Au sortir des européennes, nous pourrions faire une offre à toute la gauche française, politique et sociale, sur des axes de convergence économiques et sociaux. Nous pourrions lancer une campagne politique ensemble, une campagne de fond, hors période électorale, une campagne sur le terrain des idées. Nous pourrions proposer d’engager le bras de fer au niveau européen pour sortir de l’austérité, une réforme fiscale et sociale, une nouvelle politique du crédit pour investir dans les services publics avec comme priorités le logement, la santé et l’éducation, un plan de relance industriel pour enclencher la transition écologique et créer de l’emploi, des mesures d’urgence pour le pouvoir d’achat, à commencer par l’augmentation des salaires et des minima sociaux, l’égalité femme-homme en matière salariale, et enfin rouvrir le débat sur la VIe République.

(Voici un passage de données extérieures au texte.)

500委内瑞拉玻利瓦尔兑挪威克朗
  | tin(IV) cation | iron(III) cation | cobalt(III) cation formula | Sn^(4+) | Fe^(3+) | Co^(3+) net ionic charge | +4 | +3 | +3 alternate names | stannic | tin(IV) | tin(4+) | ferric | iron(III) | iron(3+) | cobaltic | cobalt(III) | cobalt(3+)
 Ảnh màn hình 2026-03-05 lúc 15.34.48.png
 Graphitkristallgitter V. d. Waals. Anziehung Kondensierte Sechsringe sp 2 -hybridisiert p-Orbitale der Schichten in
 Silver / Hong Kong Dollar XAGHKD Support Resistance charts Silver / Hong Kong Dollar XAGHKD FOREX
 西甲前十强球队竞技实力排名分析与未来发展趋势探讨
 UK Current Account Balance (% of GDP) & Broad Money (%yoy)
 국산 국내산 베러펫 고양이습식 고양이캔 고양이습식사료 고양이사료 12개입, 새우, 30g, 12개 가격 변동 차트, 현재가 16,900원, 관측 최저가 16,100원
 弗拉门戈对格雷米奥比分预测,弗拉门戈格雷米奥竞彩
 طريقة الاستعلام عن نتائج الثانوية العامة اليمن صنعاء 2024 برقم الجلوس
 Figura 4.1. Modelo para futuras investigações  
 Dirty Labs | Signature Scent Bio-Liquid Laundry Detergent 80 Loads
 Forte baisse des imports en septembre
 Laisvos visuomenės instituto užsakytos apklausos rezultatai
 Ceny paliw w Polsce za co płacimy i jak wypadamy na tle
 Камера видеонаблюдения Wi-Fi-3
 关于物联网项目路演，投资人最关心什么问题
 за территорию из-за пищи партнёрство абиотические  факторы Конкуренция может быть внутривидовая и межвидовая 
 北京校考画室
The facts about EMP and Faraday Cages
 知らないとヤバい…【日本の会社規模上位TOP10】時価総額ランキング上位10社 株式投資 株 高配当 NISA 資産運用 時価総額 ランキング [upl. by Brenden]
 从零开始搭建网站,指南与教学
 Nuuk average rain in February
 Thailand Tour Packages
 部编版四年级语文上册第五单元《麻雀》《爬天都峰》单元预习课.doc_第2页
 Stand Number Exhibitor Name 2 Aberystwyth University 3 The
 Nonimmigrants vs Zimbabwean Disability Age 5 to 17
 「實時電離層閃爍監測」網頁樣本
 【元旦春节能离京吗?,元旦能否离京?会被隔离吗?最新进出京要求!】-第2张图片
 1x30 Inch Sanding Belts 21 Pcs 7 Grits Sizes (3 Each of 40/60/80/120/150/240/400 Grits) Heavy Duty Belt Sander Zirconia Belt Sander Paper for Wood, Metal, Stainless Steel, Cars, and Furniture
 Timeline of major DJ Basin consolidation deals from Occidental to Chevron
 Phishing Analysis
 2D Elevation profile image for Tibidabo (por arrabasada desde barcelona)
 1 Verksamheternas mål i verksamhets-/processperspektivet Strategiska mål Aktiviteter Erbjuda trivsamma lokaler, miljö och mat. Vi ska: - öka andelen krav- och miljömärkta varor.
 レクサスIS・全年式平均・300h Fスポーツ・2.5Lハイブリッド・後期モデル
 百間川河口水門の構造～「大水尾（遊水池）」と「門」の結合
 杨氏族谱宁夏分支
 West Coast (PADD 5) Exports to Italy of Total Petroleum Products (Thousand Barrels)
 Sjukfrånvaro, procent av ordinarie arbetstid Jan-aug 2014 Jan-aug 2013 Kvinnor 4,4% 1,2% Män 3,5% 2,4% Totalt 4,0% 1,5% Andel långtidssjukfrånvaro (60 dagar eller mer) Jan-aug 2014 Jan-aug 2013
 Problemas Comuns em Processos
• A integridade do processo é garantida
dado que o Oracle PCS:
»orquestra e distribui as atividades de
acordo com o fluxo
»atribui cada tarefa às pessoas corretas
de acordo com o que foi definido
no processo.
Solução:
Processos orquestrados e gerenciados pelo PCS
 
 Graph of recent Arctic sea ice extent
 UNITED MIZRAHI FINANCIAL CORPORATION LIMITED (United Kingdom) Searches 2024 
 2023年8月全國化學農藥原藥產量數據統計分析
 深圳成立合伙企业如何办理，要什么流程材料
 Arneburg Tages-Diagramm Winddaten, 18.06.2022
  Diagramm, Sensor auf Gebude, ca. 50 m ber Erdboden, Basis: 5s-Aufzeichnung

Cette réaffirmation de la gauche française sur des fondamentaux est nécessaire mais pas suffisante car la défiance populaire est trop grande. Il nous faut réinventer les espaces de proximité et les gestes de solidarité concrets qui rendront audibles ces propositions. Il y a un dialogue et des liens à retrouver avec les salariés, les jeunes, les militants associatifs, toutes ces personnes que nous avons croisées dans la campagne des municipales et qui, comme nous, cherchent un espoir. Ces grands axes de transformation, nous pouvons en faire des idées majoritaires portées par les citoyens si nous commençons tout de suite à en faire des discussions de quartier, de café, d’appartement, puis des ateliers, des contributions, des débats. Bref, une campagne politique un peu à l’image de 2005. Personne dans le mainstream n’envisageait le non au TCE gagnant. Tout était contre nous, la pensée unique martelée dans les médias, et pourtant… nous avons gagné.